3)_ Calculate the pH's before and after adding 0.5mmol HCl to 100ml 0.02 Lactic acid + 0.08M Sodium Lactate mixture?
Let's call lactic acid HL and sodium lactate NaL. NaLis the base and HL is the acid.The Henderson-Hasselbalch equation is
pH = pKa + log (NaL/HL) = pKa + log (b)/(a)
pH = pKa + log (0.08/0.02) = ? You will need to look up the pKa for lactic acid or calculate it from pKa = -log Ka. This is the pH of the buffer as is.
Now for the addition of HCl. Here I will switch to millimoles instead of concentrations in mols/L (or millimoles/mL)
millimoles HL = 100 mL x 0.02 M = 2
millimoles NaL = 100 mL x 0.08 M = 8
adding HCl is 0.5 mmol
........................L^- + HCl ==> HL + Cl^-
I........................8.....................2..................
add.............................0.5...........................

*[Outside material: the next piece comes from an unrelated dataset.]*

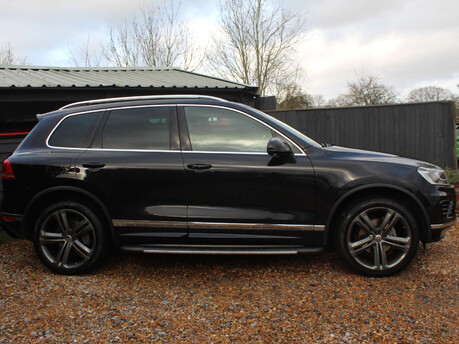 Volkswagen Touareg 3.0 Touareg V6 R-Line TDI BlueMotion Technology Auto 4WD 5dr 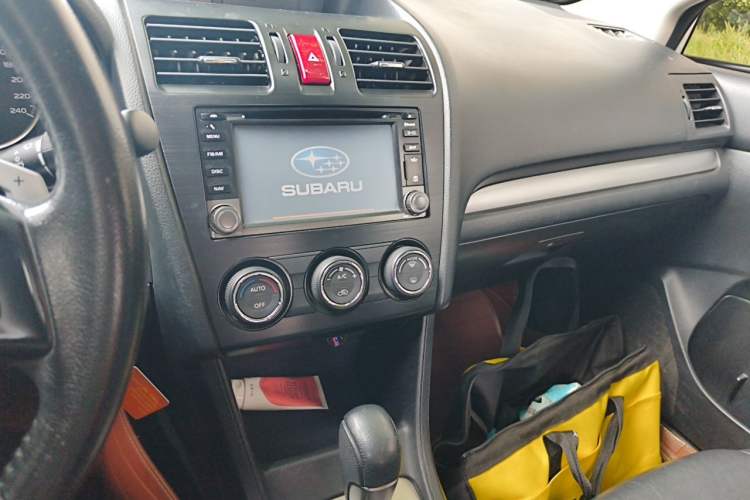Used Subaru XV 2012 2.0i Elite Edition Audio And AC Panel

C....................-0.5.....-0.5........+0.5
E......................7.5.........0............2.5
You have two routes from here. Both give you the same answer. One is technically not right but it's a lot shorter. Depends on how picky your prof is.
Summary:
mmols HL = 2.5 and (HL) = mmols/mL = 2.5/100 = 0.025
mmols L^- = 7.5 and (NaL) = 7.5/100 = 0.075
Technically pH = pKa + log (0.025/0.075) = ? where I've used concentrations but
pH = pKa + log (2.5/7.5) = ? which is the same answer BECAUSE the volume is the same (100 mL) and the volume will always cancel. On this problem it makes little difference because calculating the concentration by mmols/mL isn't a problem since dividing by 100 is so easy but in other problems the volume may be something like 174 mL or 190 mL or whatever in which case using millimoles is always easier since that funny volume in the denominator always cancels.